Why Americans appear more likely to support Christian refugees

An estimated 70 million people worldwide have been forcibly displaced, according to the United Nations. Every two seconds, someone in countries like Syria, Afghanistan, South Sudan and Myanmar is being forced to leave their home. Although 24.5 million of these people have fled their countries to escape conflicts and persecution, room for them isn’t opening up at the same pace. That’s creating a global crisis at a time when the number of refugees stands at record levels.

Governments are taking actions that address the refugee crisis but are failing to fully meet the need. Charities, such as Mercy Corps, Save the Children and the International Rescue Committee continue to play a role. That work is funded by donations.

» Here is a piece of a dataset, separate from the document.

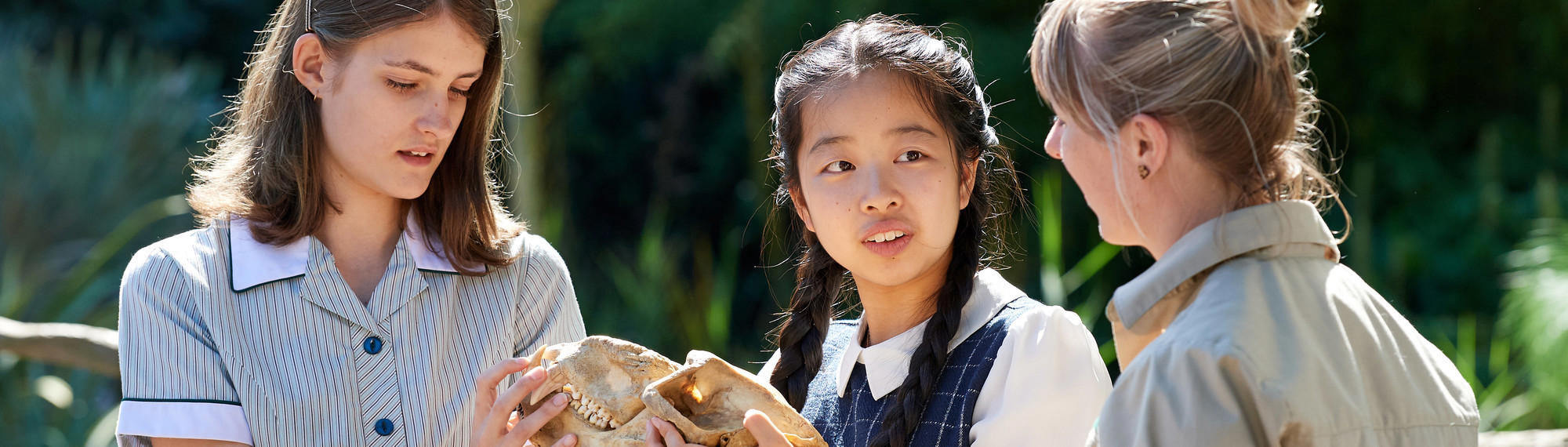 Two school students look at an animal skull as a Zoo staff member talks to them.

About half of refugees who entered the U.S. in 2016 and 2017 were Muslim, as were more than three-quarters of refugees who arrived in Europe between 2010 and 2016. Because most Americans identify as Christians, and Islamophobia appears to be on the rise among Americans, we wanted to see whether anti-Muslim sentiment or religious identity might be affecting the willingness in this country to support nonprofits that help refugees abroad.

A protester held a sign saying ‘Islamophobia is not the answer’ at an Oklahoma City rally for Donald Trump during his 2016 presidential campaign. AP Photo/Sue Ogrocki

Studying these perceptions

To find out, we – two professors who study nongovernmental organizations – conducted an experiment. We modeled how likely Americans would be to say they would donate US$20 to a charity that runs refugee camps abroad if they were told, directly or indirectly, that most of the refugees in the camps were Muslims.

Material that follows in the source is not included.